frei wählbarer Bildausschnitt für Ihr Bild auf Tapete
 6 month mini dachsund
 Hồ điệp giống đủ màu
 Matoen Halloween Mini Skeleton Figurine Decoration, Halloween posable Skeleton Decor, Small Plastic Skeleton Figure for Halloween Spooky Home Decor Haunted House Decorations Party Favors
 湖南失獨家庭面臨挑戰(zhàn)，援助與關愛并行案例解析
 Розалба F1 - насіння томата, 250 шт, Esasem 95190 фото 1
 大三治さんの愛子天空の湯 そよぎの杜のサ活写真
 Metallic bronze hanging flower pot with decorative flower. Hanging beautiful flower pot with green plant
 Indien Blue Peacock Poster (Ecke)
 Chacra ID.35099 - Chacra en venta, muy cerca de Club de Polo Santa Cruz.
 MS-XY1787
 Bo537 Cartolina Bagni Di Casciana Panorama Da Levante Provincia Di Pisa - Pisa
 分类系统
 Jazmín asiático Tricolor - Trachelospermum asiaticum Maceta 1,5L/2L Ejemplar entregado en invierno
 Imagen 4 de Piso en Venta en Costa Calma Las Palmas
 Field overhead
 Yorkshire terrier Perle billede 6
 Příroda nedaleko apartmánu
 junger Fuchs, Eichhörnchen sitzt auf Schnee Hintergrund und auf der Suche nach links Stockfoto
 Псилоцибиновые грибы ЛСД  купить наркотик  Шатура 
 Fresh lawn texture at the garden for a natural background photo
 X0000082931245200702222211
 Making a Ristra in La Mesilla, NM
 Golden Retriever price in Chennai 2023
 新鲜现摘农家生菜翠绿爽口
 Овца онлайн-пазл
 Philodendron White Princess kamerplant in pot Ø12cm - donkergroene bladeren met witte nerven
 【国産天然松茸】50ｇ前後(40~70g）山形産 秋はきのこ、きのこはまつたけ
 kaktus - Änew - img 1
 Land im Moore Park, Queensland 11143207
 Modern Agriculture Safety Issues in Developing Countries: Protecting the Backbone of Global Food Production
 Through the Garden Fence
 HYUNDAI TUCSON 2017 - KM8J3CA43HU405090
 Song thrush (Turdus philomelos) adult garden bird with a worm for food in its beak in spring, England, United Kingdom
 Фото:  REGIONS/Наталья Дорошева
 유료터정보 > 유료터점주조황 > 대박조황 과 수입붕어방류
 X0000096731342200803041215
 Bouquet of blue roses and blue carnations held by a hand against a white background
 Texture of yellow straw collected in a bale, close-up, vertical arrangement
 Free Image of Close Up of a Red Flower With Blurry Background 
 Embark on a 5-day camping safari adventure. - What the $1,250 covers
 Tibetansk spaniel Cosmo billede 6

::::::::::

• **WHAT THE TASK REQUIRES**:
Each entry above is to be set down again in exactly the same words.

• **ANSWER SPACE**:
frei wählbarer Bildausschnitt für Ihr Bild auf Tapete
 6 month mini dachsund
 Hồ điệp giống đủ màu
 Matoen Halloween Mini Skeleton Figurine Decoration, Halloween posable Skeleton Decor, Small Plastic Skeleton Figure for Halloween Spooky Home Decor Haunted House Decorations Party Favors
 湖南失獨家庭面臨挑戰(zhàn)，援助與關愛并行案例解析
 Розалба F1 - насіння томата, 250 шт, Esasem 95190 фото 1
 大三治さんの愛子天空の湯 そよぎの杜のサ活写真
 Metallic bronze hanging flower pot with decorative flower. Hanging beautiful flower pot with green plant
 Indien Blue Peacock Poster (Ecke)
 Chacra ID.35099 - Chacra en venta, muy cerca de Club de Polo Santa Cruz.
 MS-XY1787
 Bo537 Cartolina Bagni Di Casciana Panorama Da Levante Provincia Di Pisa - Pisa
 分类系统
 Jazmín asiático Tricolor - Trachelospermum asiaticum Maceta 1,5L/2L Ejemplar entregado en invierno
 Imagen 4 de Piso en Venta en Costa Calma Las Palmas
 Field overhead
 Yorkshire terrier Perle billede 6
 Příroda nedaleko apartmánu
 junger Fuchs, Eichhörnchen sitzt auf Schnee Hintergrund und auf der Suche nach links Stockfoto
 Псилоцибиновые грибы ЛСД  купить наркотик  Шатура 
 Fresh lawn texture at the garden for a natural background photo
 X0000082931245200702222211
 Making a Ristra in La Mesilla, NM
 Golden Retriever price in Chennai 2023
 新鲜现摘农家生菜翠绿爽口
 Овца онлайн-пазл
 Philodendron White Princess kamerplant in pot Ø12cm - donkergroene bladeren met witte nerven
 【国産天然松茸】50ｇ前後(40~70g）山形産 秋はきのこ、きのこはまつたけ
 kaktus - Änew - img 1
 Land im Moore Park, Queensland 11143207
 Modern Agriculture Safety Issues in Developing Countries: Protecting the Backbone of Global Food Production
 Through the Garden Fence
 HYUNDAI TUCSON 2017 - KM8J3CA43HU405090
 Song thrush (Turdus philomelos) adult garden bird with a worm for food in its beak in spring, England, United Kingdom
 Фото:  REGIONS/Наталья Дорошева
 유료터정보 > 유료터점주조황 > 대박조황 과 수입붕어방류
 X0000096731342200803041215
 Bouquet of blue roses and blue carnations held by a hand against a white background
 Texture of yellow straw collected in a bale, close-up, vertical arrangement
 Free Image of Close Up of a Red Flower With Blurry Background 
 Embark on a 5-day camping safari adventure. - What the $1,250 covers
 Tibetansk spaniel Cosmo billede 6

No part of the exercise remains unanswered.